Jim Sillars says independence supporters are woefully under-prepared for a federated frontal-assault
Nicola Sturgeon has taken those in the independence movement into a mental and emotional trench. I had hoped they would clamber out of the trench when her speech on 31 January 2020 indicated acceptance of reality – no indyref2 this year. But they stayed in it, and she has joined them again, saying, as reported in the Sunday Times (16 February 2020), it is still possible.
In that trench they shout encouragement to each other, and seize on any implausible idea of how they might circumvent the requirement of a Section 30 Order denied to them by Boris Johnson. It would be useful if someone popped a head above the parapet and looked at the reality.
All the chatter in Scotland is about Holyrood’s right to hold indyref2. But of the two parliaments – Holyrood and Westminster – only the latter faces no legal or constitutional barriers to legislate for, organise and hold a referendum on Scotland’s constitutional future. As I have noted elsewhere, while Nicola has been marching ‘yes’ banners up and down the country for three years, others have been thinking.
Down south, the Constitutional Reform Group produced an Act of Union Bill, tabled in the House of Lords by Lord Lisvane, the former Chief Clerk of the House of Commons, no slouch on legal and constitutional matters. It aims at a ‘federal’ type of fundamental change to the way Britain is governed – with separate parliaments for Scotland, England and Wales, Northern Ireland continuing with its assembly, abolition of the House of Lords and replacement with a revising body partly elected. It’s first clause gives each nation the right to opt by leaving the union. Never meant to become an Act, its purpose is to start people thinking.
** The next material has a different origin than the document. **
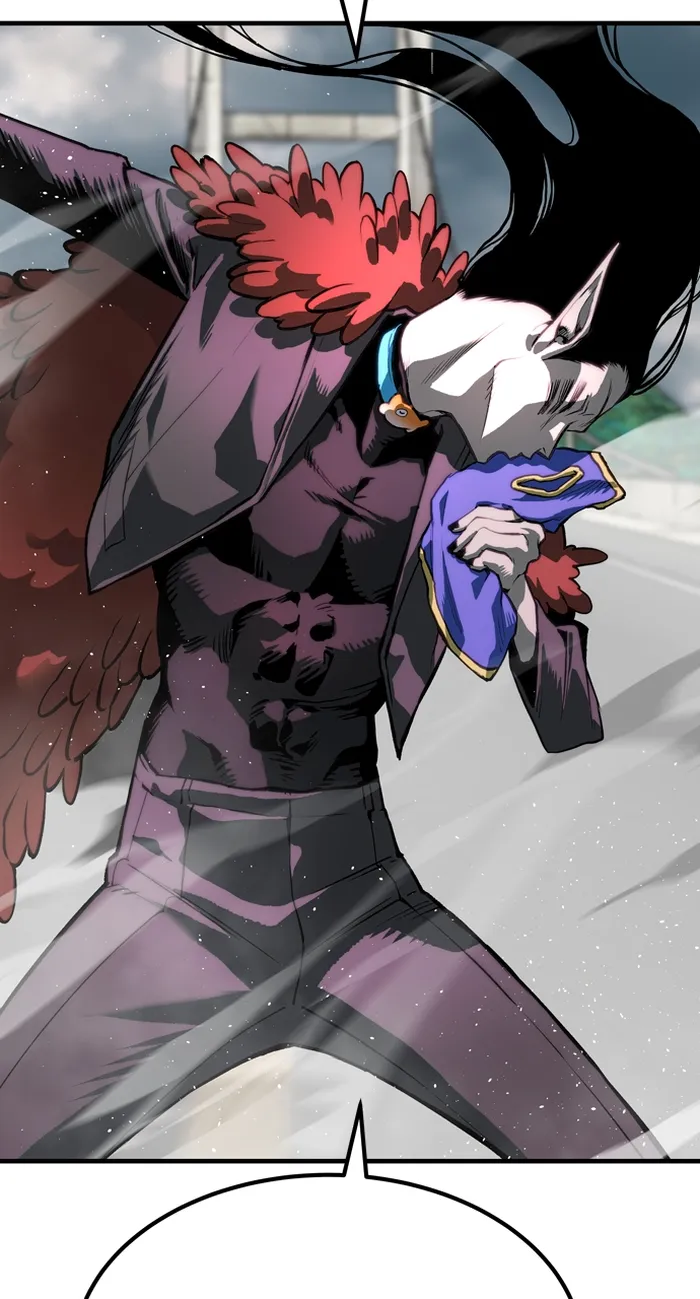 Page 64 of Chapter 90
And they are.
The ‘federalist’ idea has been picked up by several Tory thinkers and columnist opinion formers as the way to stymie Scottish independence. Right now, federalism is not a runner. Johnson has obviously adopted the other idea coming out of Tory thinking: that the British government should exercise its authority under S28(7) of the Scotland Act 1998 to ‘love bomb’ us, and by-pass the Scottish government with projects it will fund. The idea is replete with difficulty, not least of which is that we don’t like the suitor. Whatever is tried will not scupper the demand for independence.
Given that Johnson and Cummings, as the Treasury has found, can think and act outside the orthodox box, it is not beyond the bounds of the possible that, when the love bombing fails, they will turn to the federalist idea. If that happens, and Downing Street decided to give us the much demanded indyref2, it could hold the referendum itself on ‘independence v federalism’, or make that question a condition of granting Holyrood a Section 30 Order. Could the independence movement complain about either, given the ballot would include independence?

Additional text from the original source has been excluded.